From biopic to comedy to thriller, you can't go wrong with last week's openings




Opening Friday, Aug. 14, is the allegorical scifi film District 9, in which extraterrestrials in South Africa are forced to work for low wages and live in substandard conditions by a multinational corporation. Rated R for bloody violence and pervasive language. 112m. At the Broadway, Minor, Mill Creek and Fortuna.

The Time Traveler's Wife stars Eric Bana as a time-traveling librarian and Rachel McAdams as the woman who tries to keep the home fires burning. Rated PG-13 for thematic elements, brief disturbing images, nudity and sexuality. 107m. At the Broadway, Mill Creek and Fortuna.

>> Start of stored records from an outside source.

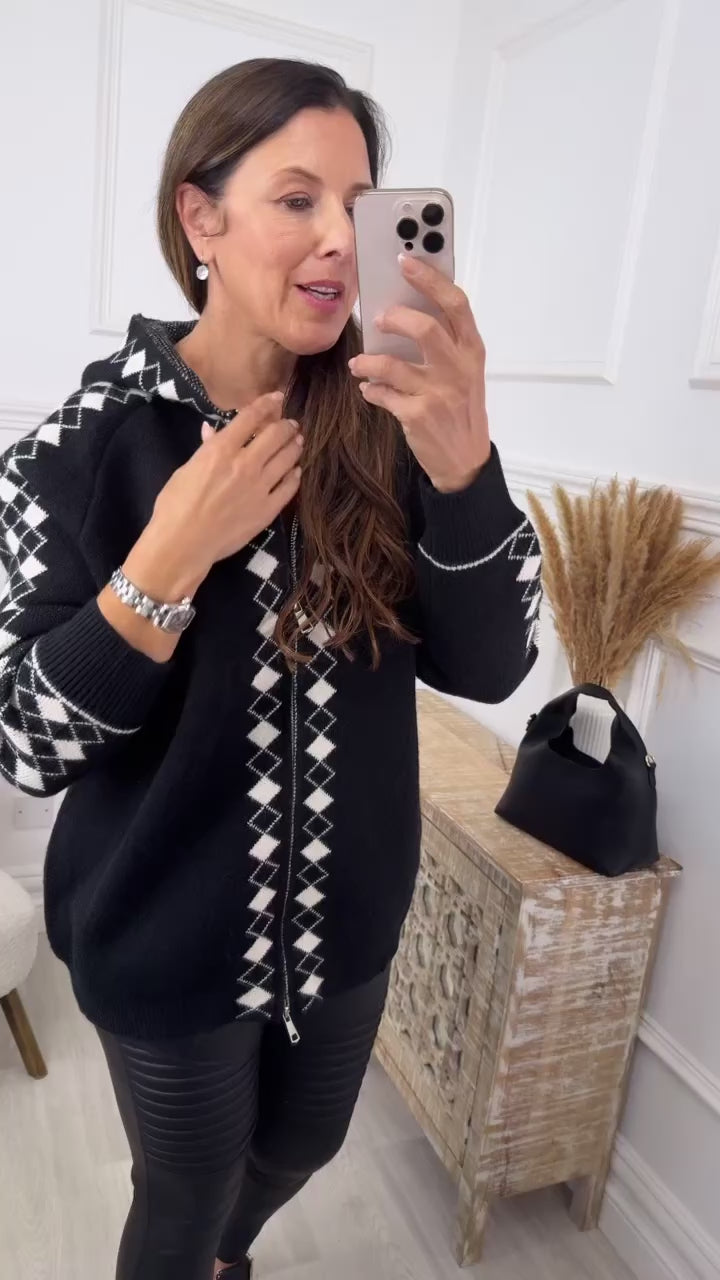 Raya Black Checked Sleeve Cardigan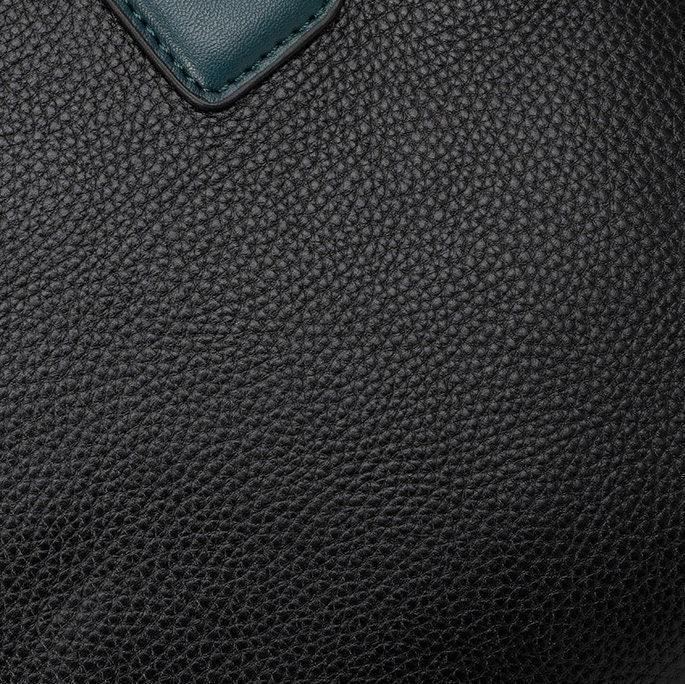 Fashion Leather Tote, Leather Shoulder Bag, Soft Leather Handbag, Birthday Gift for Her, Black and Green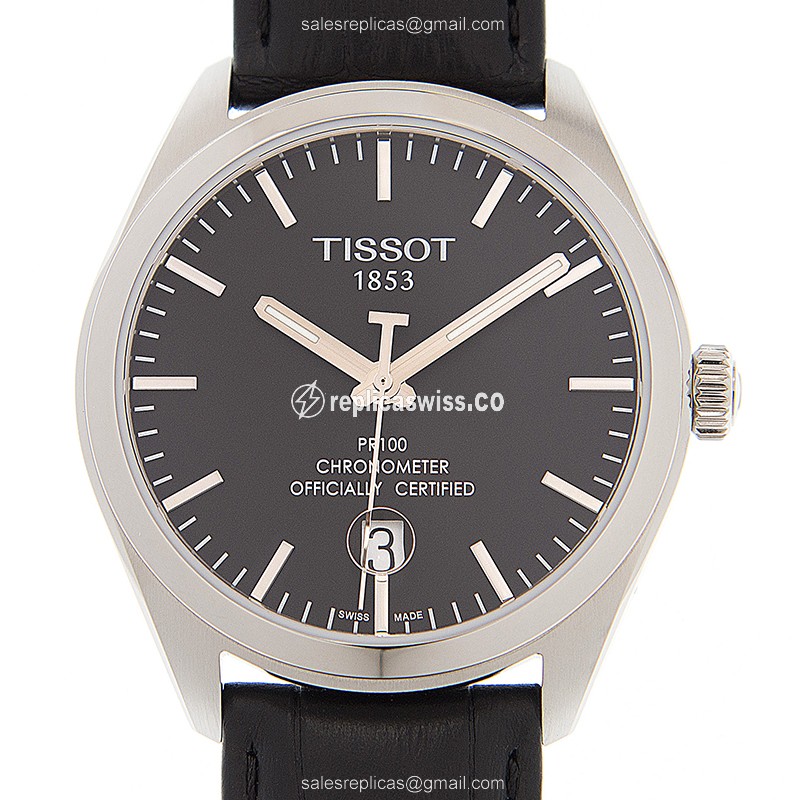 Tissot T-CLASSIC Replica - Automatic - Black Dial - Leather Strap - Buckle Clasp - Luxury Replica T-CLASSIC Watch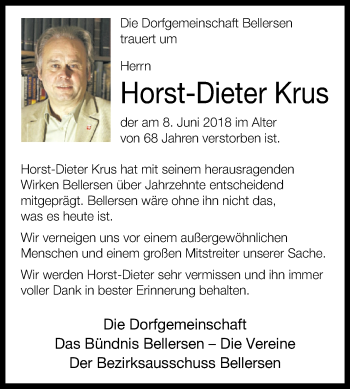 Traueranzeige von Horst-Dieter Krus von Westfalen-Blatt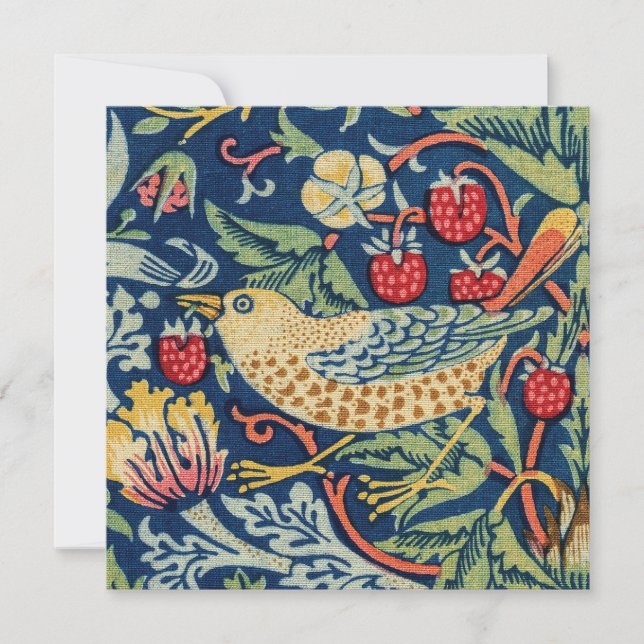 William Morris - Strawberry Thief Dankeskarte (Vorderseite)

The narrator of the romantic comedy (500) Days of Summer assures us that the film is not a romantic comedy. Okay. With Zooey Deschanel as the dumper and Joseph Gordon-Levitt as the dumpee. Rated PG-13 for sexual material and language. 95m. At the Broadway.

More than one critic has called Kathryn Bigelow's The Hurt Locker the best fiction film about Iraq so far. A Charlie pick of the week. Rated R for war violence and language. 131m. At the Minor.

Bandslam is a musical romantic comedy wherein a teen singer (Alyson Michalka) goes up against her ex-boyfriend (Scott Porter) at a battle of the bands. Rated PG for some thematic elements and mild language. 111m. At the Broadway.

In The Goods: Live Hard, Sell Hard, a squad of salesmen attempt to save a car dealership from bankruptcy. Rated R for sexual content, nudity, pervasive language and some drug material. 90m. At the Broadway and Mill Creek.


JULIE & JULIA. In 1948, Julia Child moved to Paris with her husband, who worked for the U.S. State Department. Finding French food to be a revelation, she managed to enroll at Le Cordon Bleu and the rest is well-known history, thanks to Childs' memoir My Life in France.

In August 2002, Julie Powell, a would-be writer unable to complete anything, found herself answering phones from a cubicle for the Lower Manhattan Development Project while her closest women companions all had high-paying jobs. Despite a good relationship with her husband, Julie was unhappy with her life and hit upon the idea of cooking all 524 recipes in Mastering the Art of French Cooking in one year. She also began a blog, subsequently a book, documenting her experience.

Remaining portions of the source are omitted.